C69 wrote: ↑Fri May 05, 2023 9:07 pm
_Os_ wrote: ↑Fri May 05, 2023 8:45 pm
I watched Channel 4 News and Sky News this evening. All the journalists were saying this indicates a hung parliament, then they put their numbers up, and they've taken the percentage of the vote this local election and mapped it onto all 650 Westminster seats. But the Lib Dems are polling at 10%-ish UK wide and not 18%, and obviously independents aren't going to be getting 20%+. It seems like the media have forgotten this is only most of England outside London. Wales/Scotland/London are going to be adding a lot to Labour and very little to the Tories. This result indicates a Labour majority more than any other outcome imo.

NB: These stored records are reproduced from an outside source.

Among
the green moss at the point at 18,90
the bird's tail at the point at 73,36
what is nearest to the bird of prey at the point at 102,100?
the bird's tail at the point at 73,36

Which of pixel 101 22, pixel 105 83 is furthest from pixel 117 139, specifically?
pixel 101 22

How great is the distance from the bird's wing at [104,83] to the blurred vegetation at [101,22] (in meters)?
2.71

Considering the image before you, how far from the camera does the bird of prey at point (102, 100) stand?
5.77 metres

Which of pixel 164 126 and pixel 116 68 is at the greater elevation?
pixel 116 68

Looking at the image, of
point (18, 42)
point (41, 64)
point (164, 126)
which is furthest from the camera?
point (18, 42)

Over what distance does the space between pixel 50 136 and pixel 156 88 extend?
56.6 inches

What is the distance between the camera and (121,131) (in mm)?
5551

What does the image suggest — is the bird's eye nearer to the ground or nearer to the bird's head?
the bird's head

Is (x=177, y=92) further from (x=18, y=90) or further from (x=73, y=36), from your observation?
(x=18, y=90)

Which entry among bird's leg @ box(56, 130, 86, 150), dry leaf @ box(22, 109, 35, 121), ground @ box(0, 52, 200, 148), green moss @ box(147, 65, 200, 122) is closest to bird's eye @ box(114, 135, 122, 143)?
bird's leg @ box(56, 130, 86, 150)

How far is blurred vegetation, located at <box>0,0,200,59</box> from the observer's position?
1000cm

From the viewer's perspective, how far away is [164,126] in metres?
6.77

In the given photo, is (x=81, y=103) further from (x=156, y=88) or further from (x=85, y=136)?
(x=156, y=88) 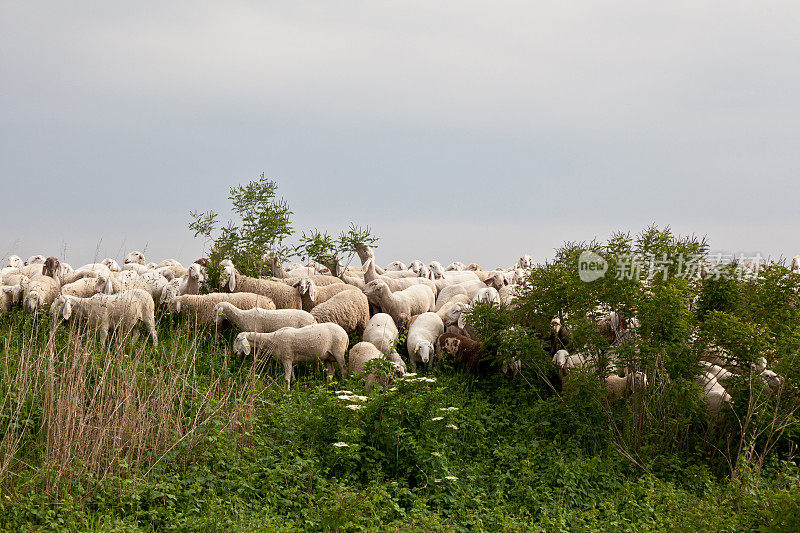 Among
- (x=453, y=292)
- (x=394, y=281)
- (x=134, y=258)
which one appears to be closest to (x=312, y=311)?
(x=394, y=281)

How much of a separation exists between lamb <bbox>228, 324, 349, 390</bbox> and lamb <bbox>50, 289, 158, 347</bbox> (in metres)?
1.59

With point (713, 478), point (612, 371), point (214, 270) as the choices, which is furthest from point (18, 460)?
point (713, 478)

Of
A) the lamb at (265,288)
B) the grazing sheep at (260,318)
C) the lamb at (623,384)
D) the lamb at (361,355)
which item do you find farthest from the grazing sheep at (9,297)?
the lamb at (623,384)

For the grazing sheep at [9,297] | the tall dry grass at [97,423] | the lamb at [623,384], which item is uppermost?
the lamb at [623,384]

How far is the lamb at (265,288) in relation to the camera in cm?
1327

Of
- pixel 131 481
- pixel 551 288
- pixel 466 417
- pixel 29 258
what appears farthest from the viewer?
pixel 29 258

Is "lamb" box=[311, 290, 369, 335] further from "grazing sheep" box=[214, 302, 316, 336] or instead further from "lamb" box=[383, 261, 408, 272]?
"lamb" box=[383, 261, 408, 272]

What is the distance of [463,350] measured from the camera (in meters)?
11.8

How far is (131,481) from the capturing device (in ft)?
23.7

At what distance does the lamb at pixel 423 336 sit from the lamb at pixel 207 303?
2546 mm

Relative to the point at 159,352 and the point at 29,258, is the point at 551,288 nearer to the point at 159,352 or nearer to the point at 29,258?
the point at 159,352

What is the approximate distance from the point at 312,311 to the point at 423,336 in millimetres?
2009

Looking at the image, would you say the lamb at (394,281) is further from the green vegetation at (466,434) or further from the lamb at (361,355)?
the lamb at (361,355)

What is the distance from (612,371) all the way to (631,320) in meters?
0.76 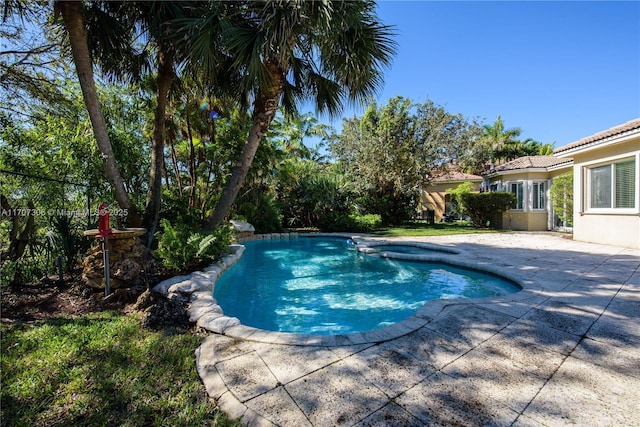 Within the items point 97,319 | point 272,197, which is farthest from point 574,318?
point 272,197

Indeed such a strange conflation. Very poor political science indeed.
At risk of replying to myself (no one on the thread has really said much on the topic or seems to disagree), I've looked into the numbers a bit more over the last few days.
I looked at four constituencies (all in southern England) I know well enough to describe the type of people/economy/housing they have, taking 3 or 4 wards from each which again I know the demographics well enough to not need Google. 14 wards across 4 Westminster constituencies. I then compiled the results for each ward in the 2023/2022/2019 council election, the overall council result in each of those elections, and also the constituency result in the 2019/2017 general election. 8 pieces of data for each ward.
From looking at all that the one liner for this election is really simple, "people voted for whoever was most likely to remove the Tories". Not the convoluted mess the media have come up with of a hung parliament based on the Lib Dems/Greens/Others taking 40% of the vote in a GE, which is not likely at all. But instead simply "people voted for whoever was most likely to remove the Tories".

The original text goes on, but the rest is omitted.